-- AIM OF THE TASK --
Write out every entry precisely as given, leaving the pictures out.

-- MATERIAL TO PROCESS --
+ + + +
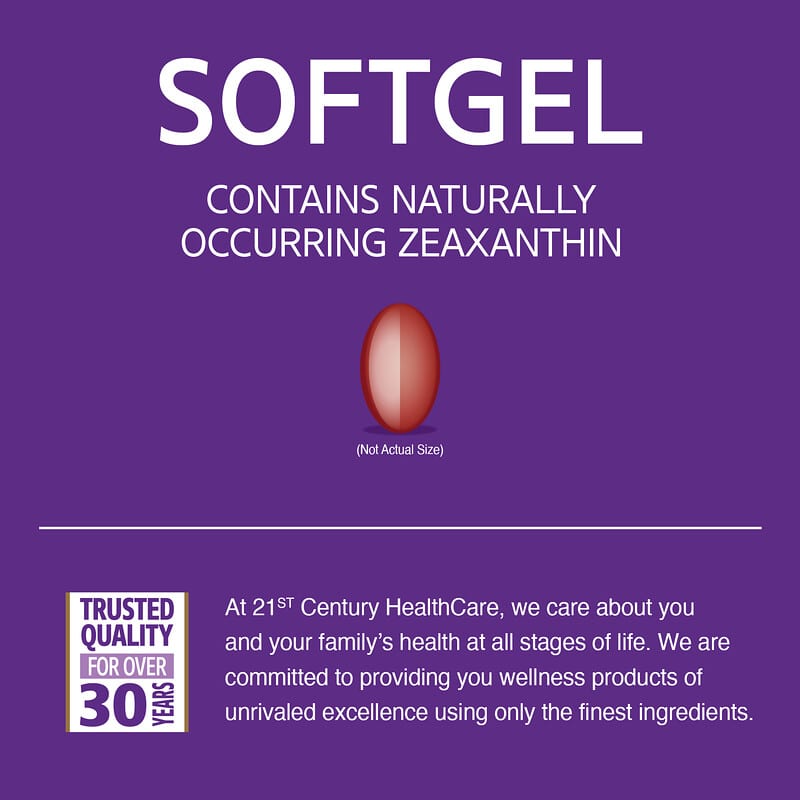 21st Century, Lutein, 20 mg, 60 Softgels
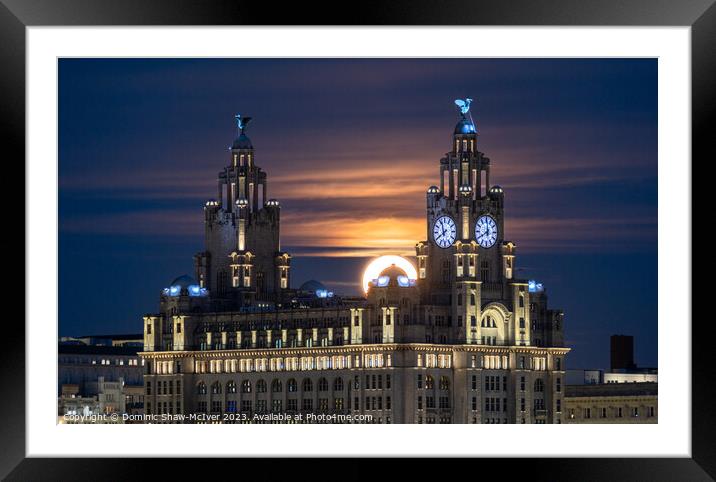 Moonrise over the Liver Building Framed Mounted Print by Dominic Shaw-McIver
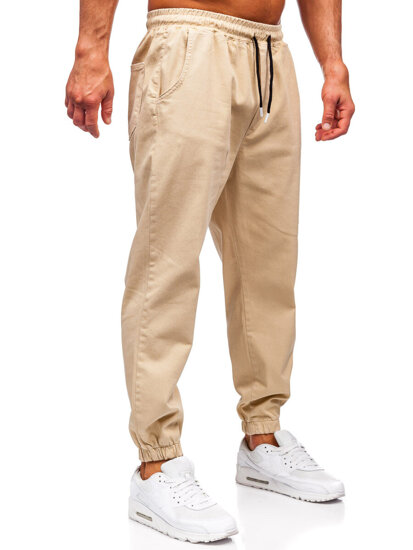 Herr Cargo-joggers Beige Bolf 001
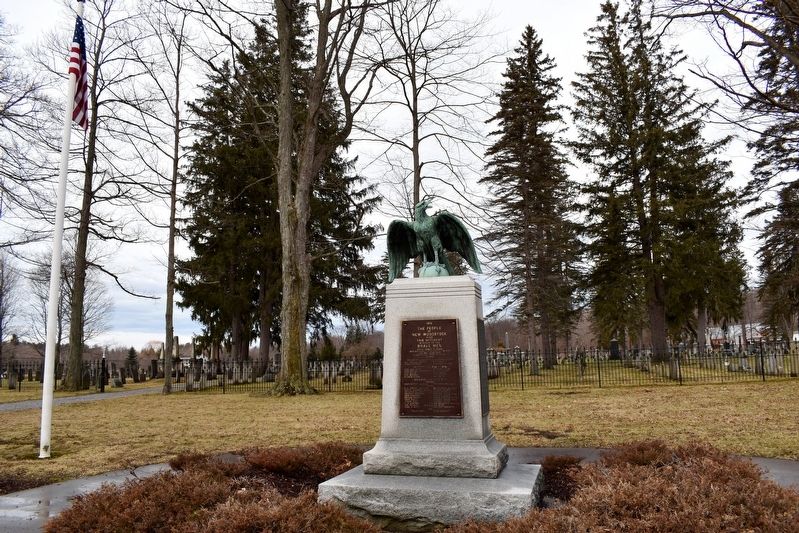 New Woodstock War Memorial. Click for full size. New Woodstock War Memorial image. Click for full size.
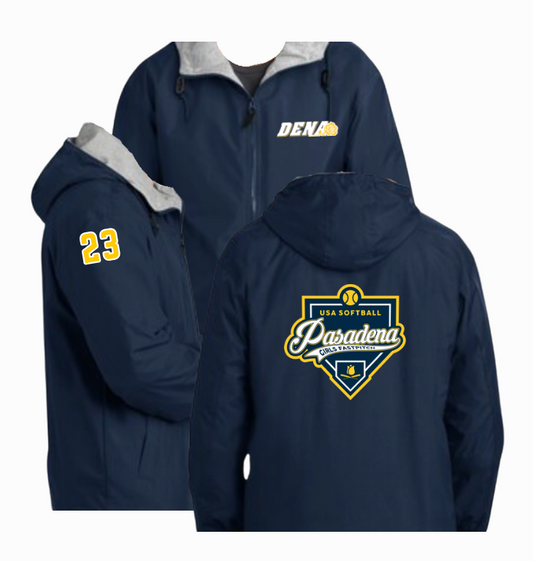 PGSA Hooded Jacket w/ Jersey #, Waterproof Fleece Lining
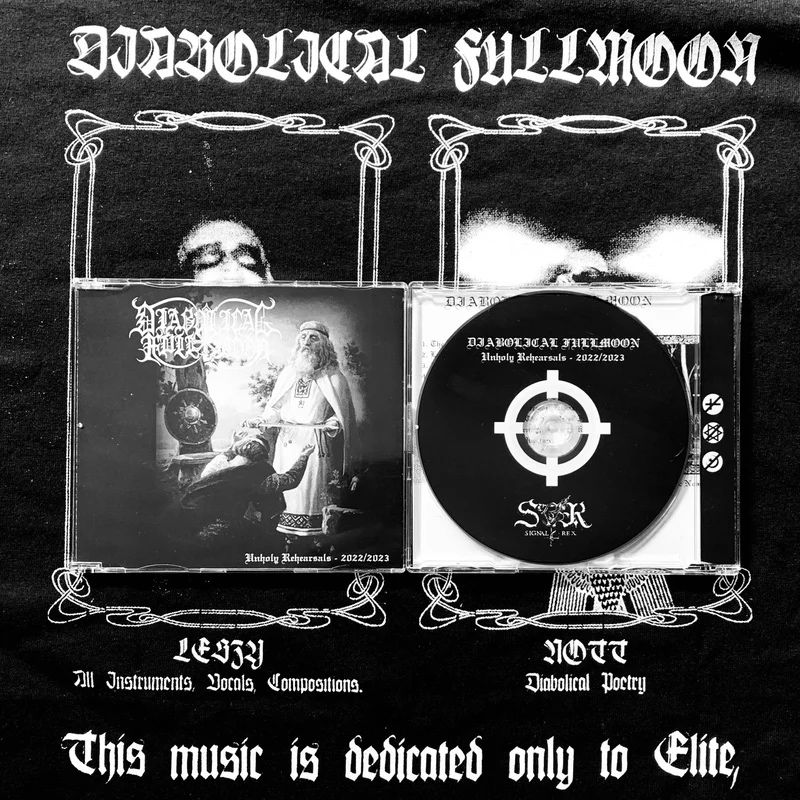 Polski black metal CD diabolical fullmoo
+ + + +
-- ANSWER TO THE EXERCISE --
 21st Century, Lutein, 20 mg, 60 Softgels
 Moonrise over the Liver Building Framed Mounted Print by Dominic Shaw-McIver
 Herr Cargo-joggers Beige Bolf 001
 New Woodstock War Memorial. Click for full size. New Woodstock War Memorial image. Click for full size.
 PGSA Hooded Jacket w/ Jersey #, Waterproof Fleece Lining
 Polski black metal CD diabolical fullmoo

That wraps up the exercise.